* Work to be completed
The lines below, from the one holding "Stuart family name" through the final line, are to be copied exactly, with no other lines and no pictures.

* Records provided
-------

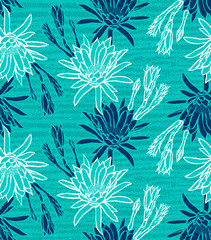 Seamless pattern with Cactus Flowers in blue tones
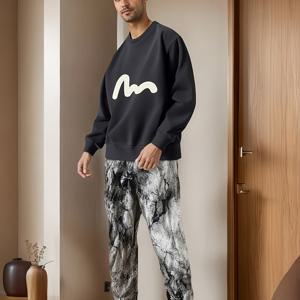 TEMU 남녀공용 블랙 & 화이트 마블 프린트 하렘 팬츠 - 그리스 문자 Mu (μ) 로고 - 가벼운 아이스 슬릭 섬유 느낌의 바지, 비치웨어, 여름 캐주얼 & 그리스 테마 의상용 - 세탁기 사용 가능, 레귤러 핏 테이퍼드 레그 (무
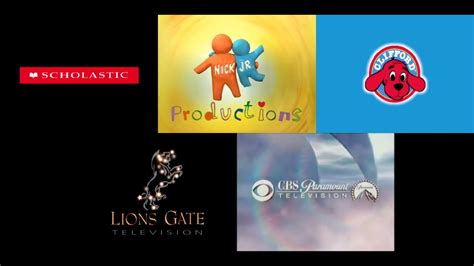 Combo logos: Scholastic/Nick Jr. Productions/Clifford/Lions Gate TV/CBS Paramount TV (2000 ...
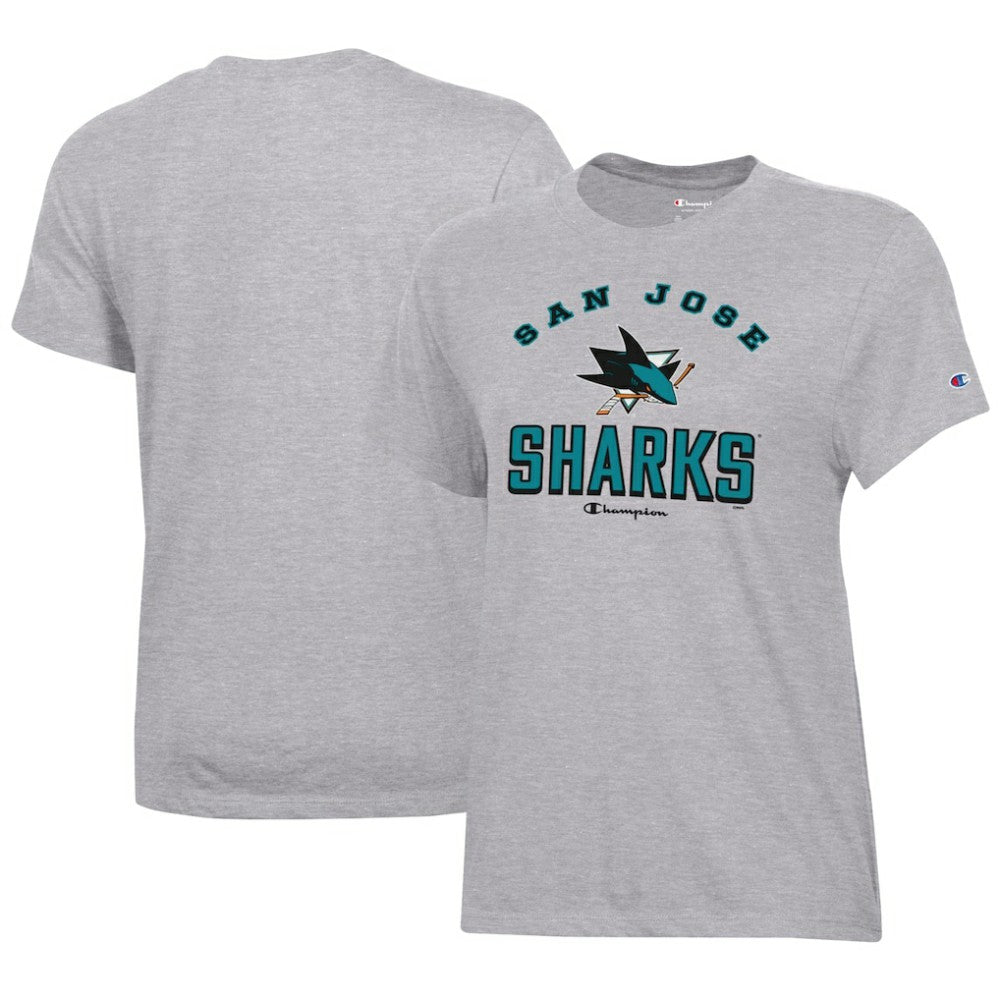 San Jose Sharks Champion Women's Core T-Shirt - Heather Gray - NHL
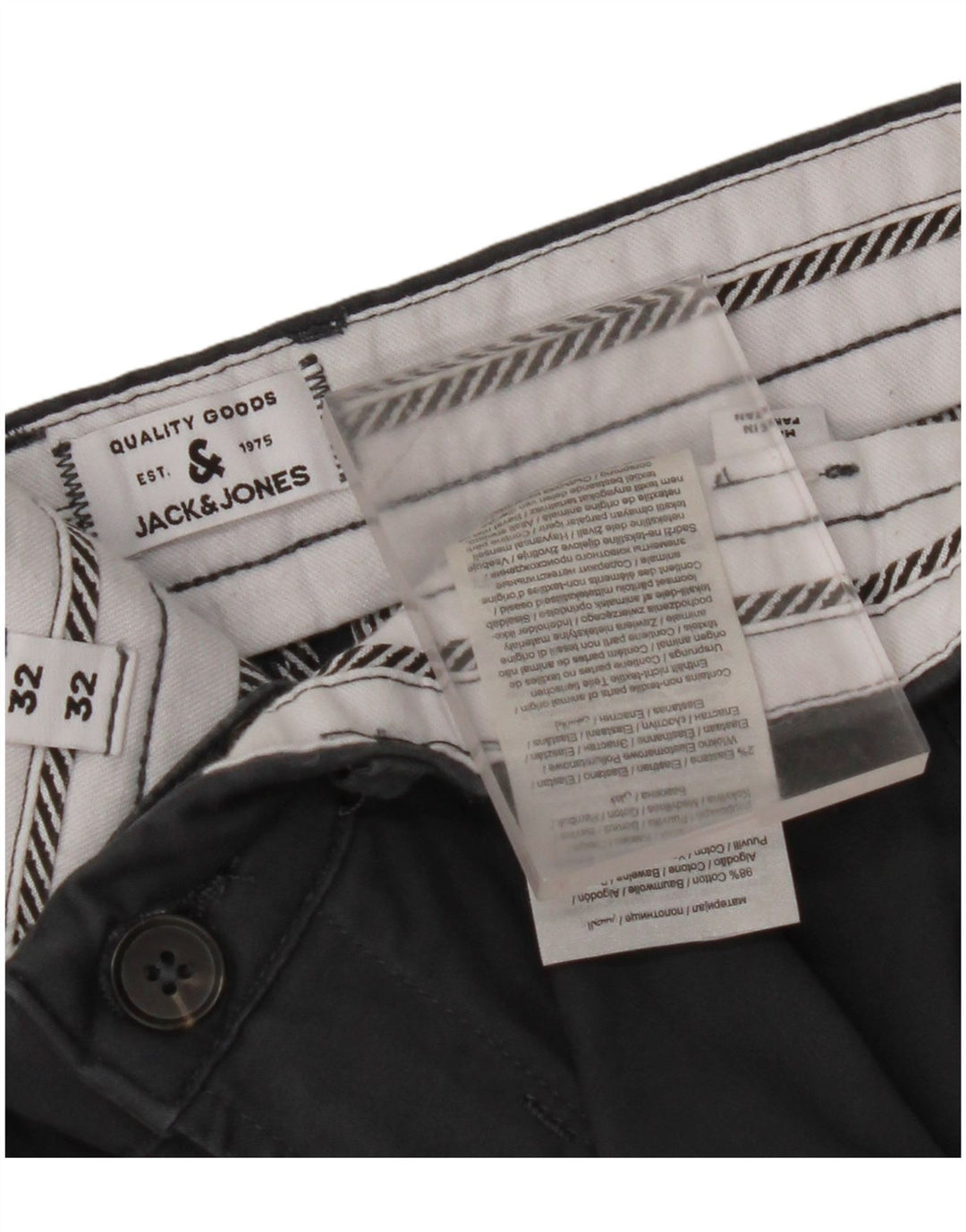 JACK & JONES Мужские узкие брюки-чиносы W32 L32 Серые хлопковые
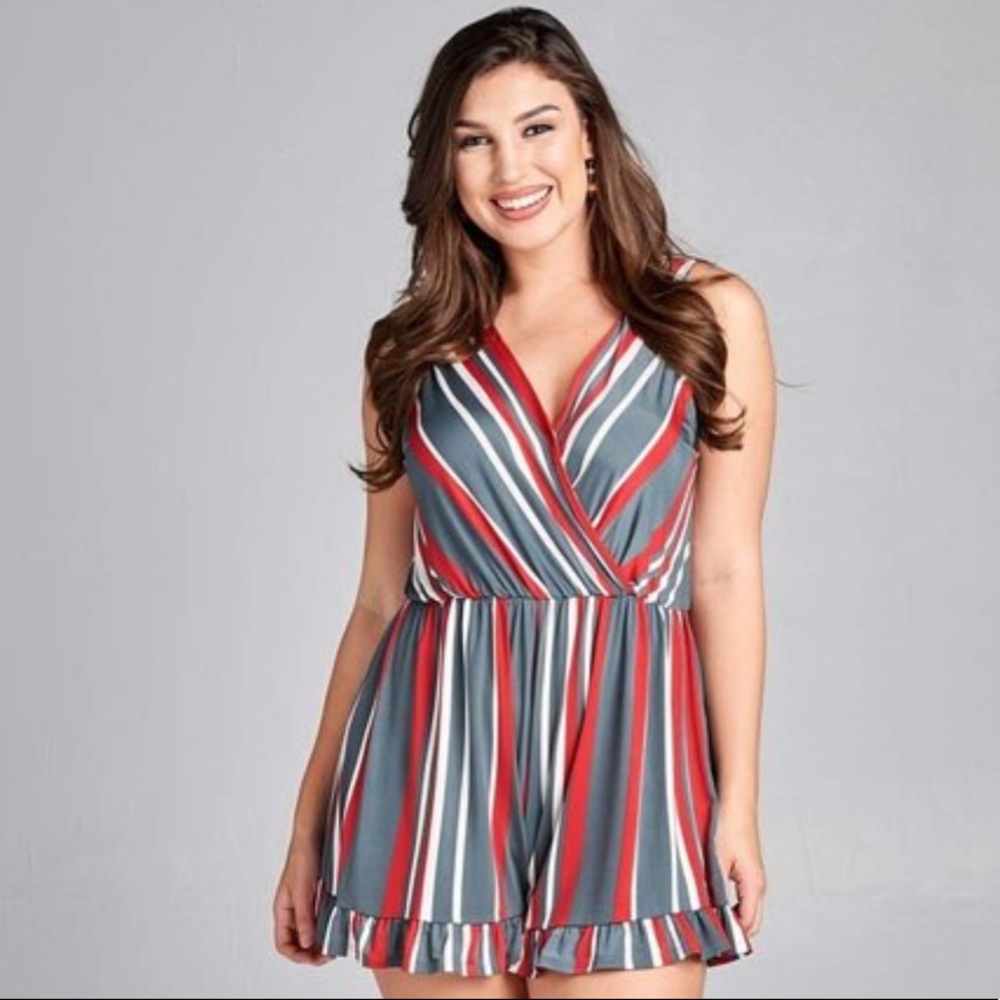 Striped Romper Red White Grey (Plus)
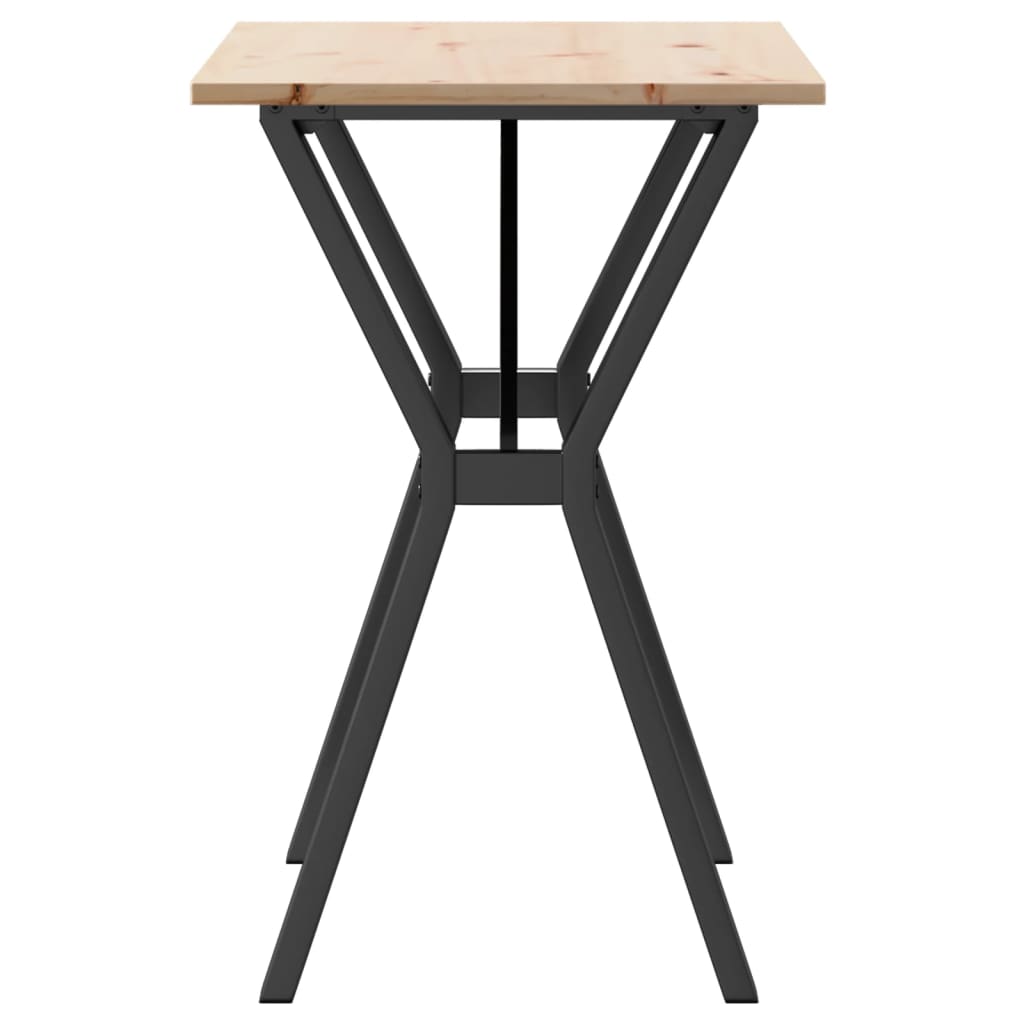 Spisebord Y-ramme 80x50x75 cm heltre furu og stål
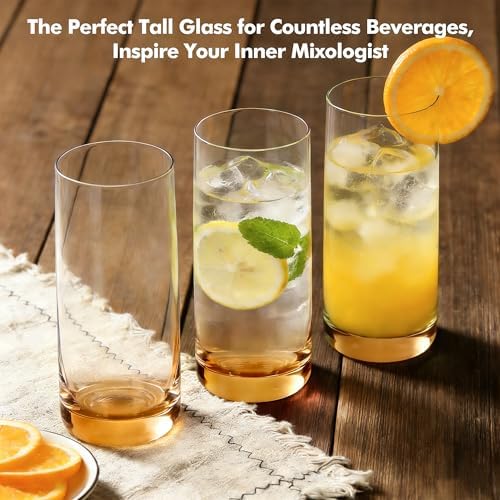 Amber Highball Glasses Set of 6, Drinking Glass for Mixed Drink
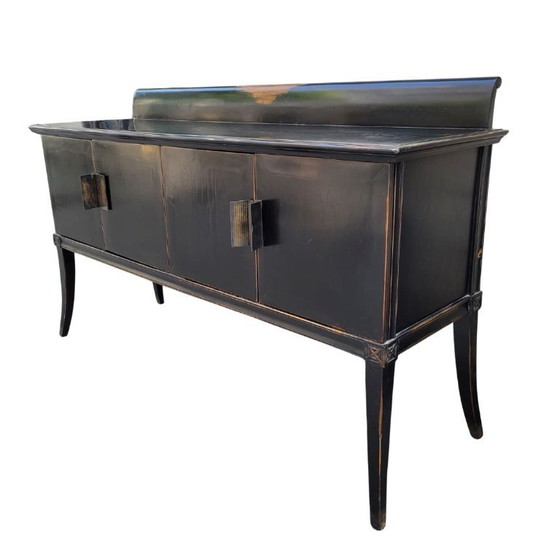 Image 1 of Buffet oriental en bois laqué et poignées gravées sur bois, XXe siècle – Japon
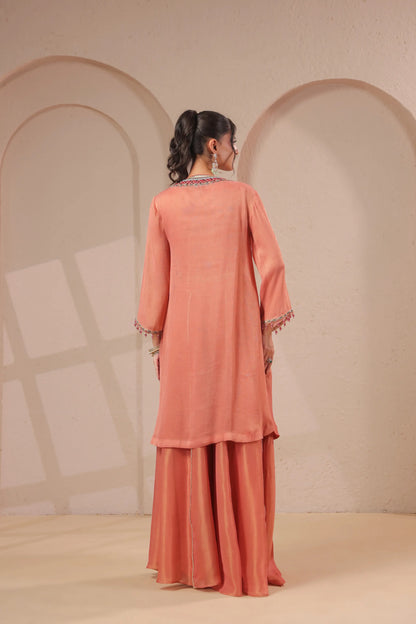 3 Piece hand emboidered kurta with skirt-palazzo set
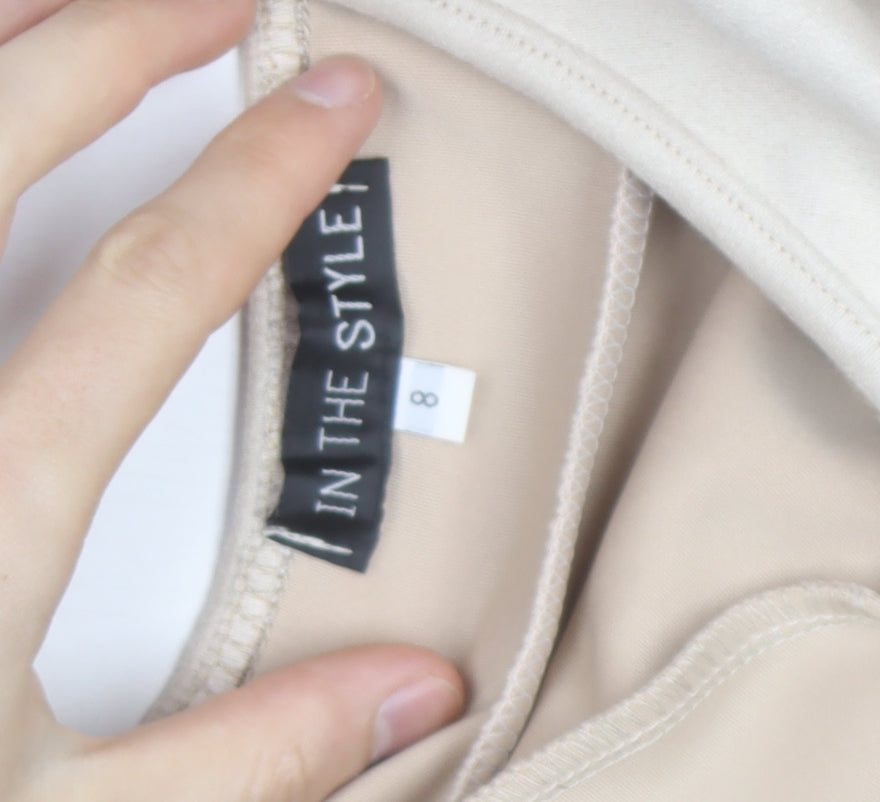 Brand and care label for In The Style Women Beige Bodycon Knee Length Dress, size 8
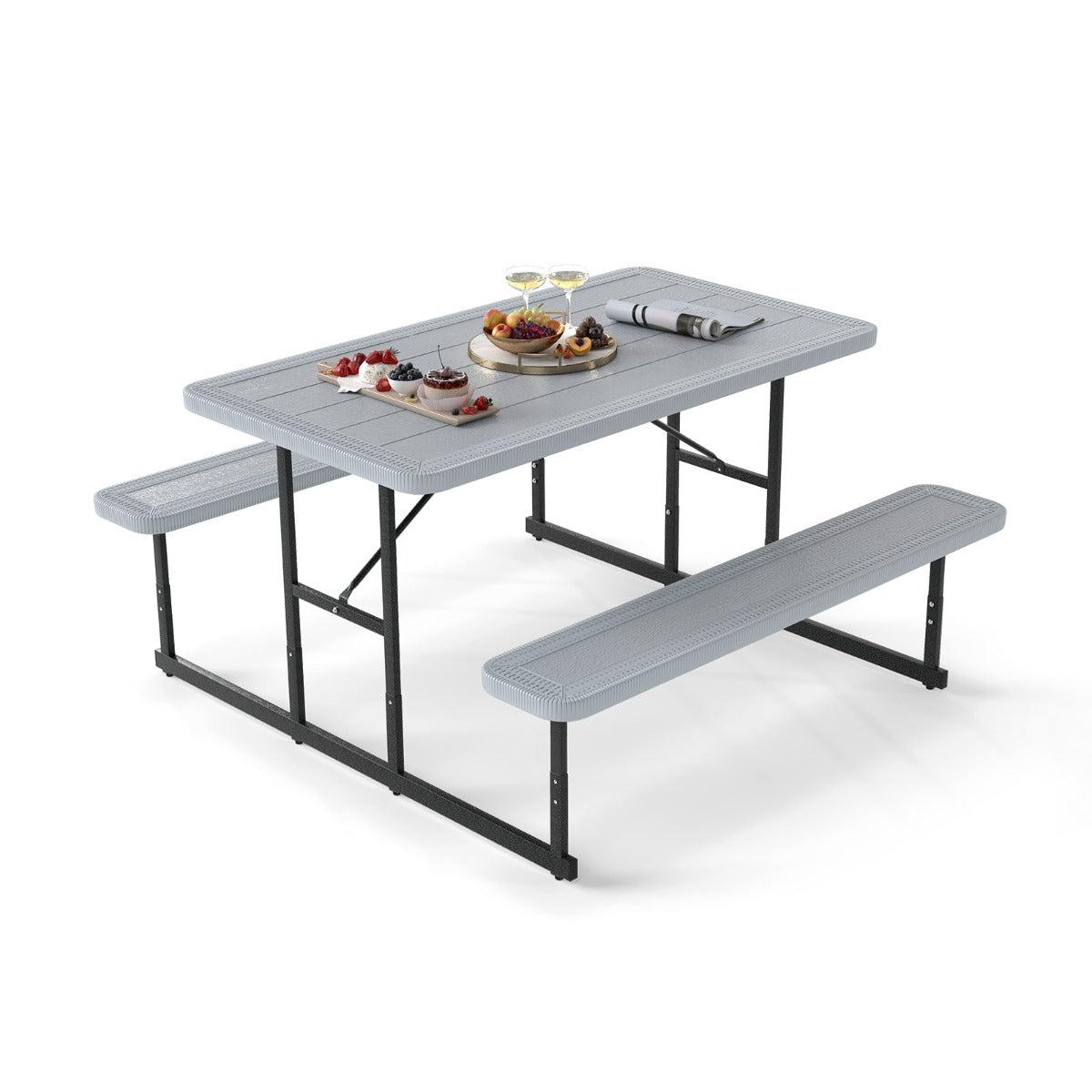 Picnic Table Bench Set with Umbrella Hole for 2-4 People-Grey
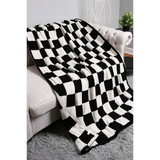 Checkered Chenille Blanket -  Black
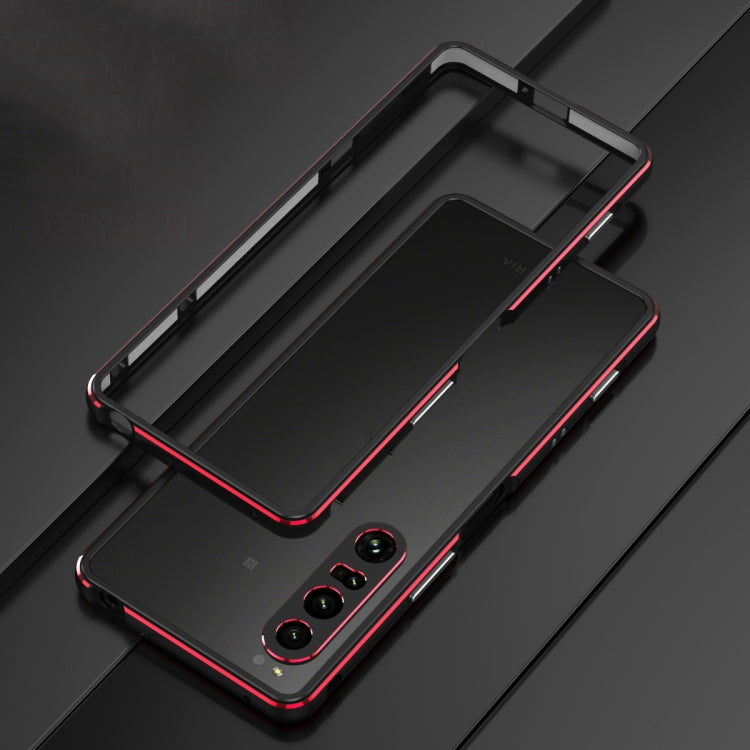 Protective phone case with lens protector for Sony Xperia 1 IV, black with red trim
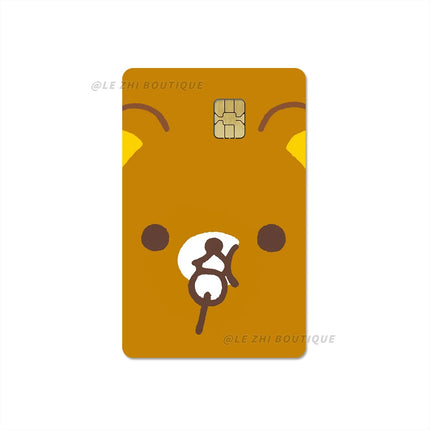 Japan Anime Cute Cartoon Bear Credit Debit Card Sticker Kawaii Bus Pass Diy Waterproof Small Chip Film Sticker Decoration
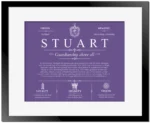 Stuart family name meaning and history in Purple with Black Matte Frame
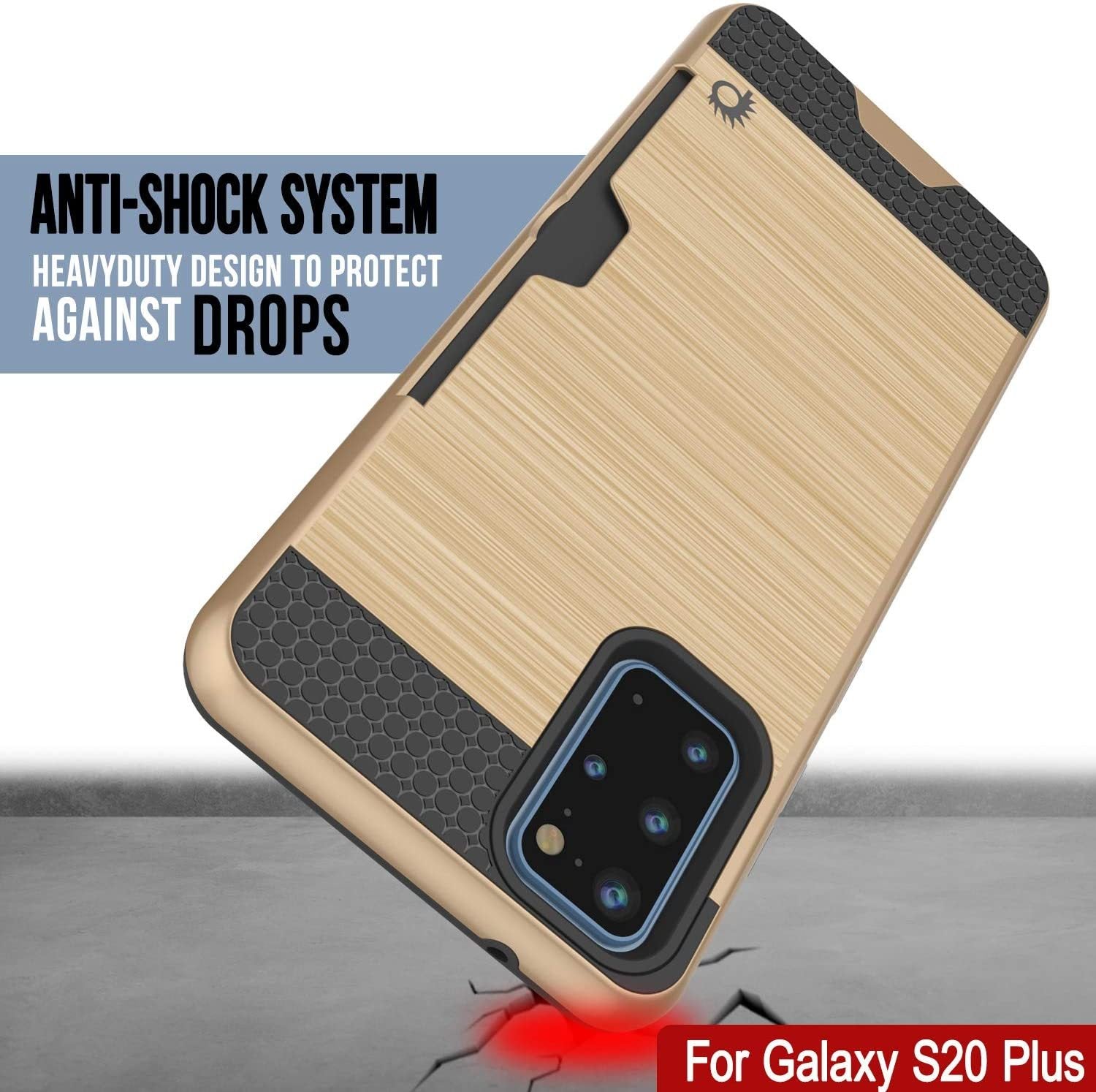Galaxy S20+ Plus  Case, PUNKcase [SLOT Series] [Slim Fit] Dual-Layer Armor Cover w/Integrated Anti-Shock System, Credit Card Slot [Gold]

-------

* Output
 Stuart family name meaning and history in Purple with Black Matte Frame
Galaxy S20+ Plus  Case, PUNKcase [SLOT Series] [Slim Fit] Dual-Layer Armor Cover w/Integrated Anti-Shock System, Credit Card Slot [Gold]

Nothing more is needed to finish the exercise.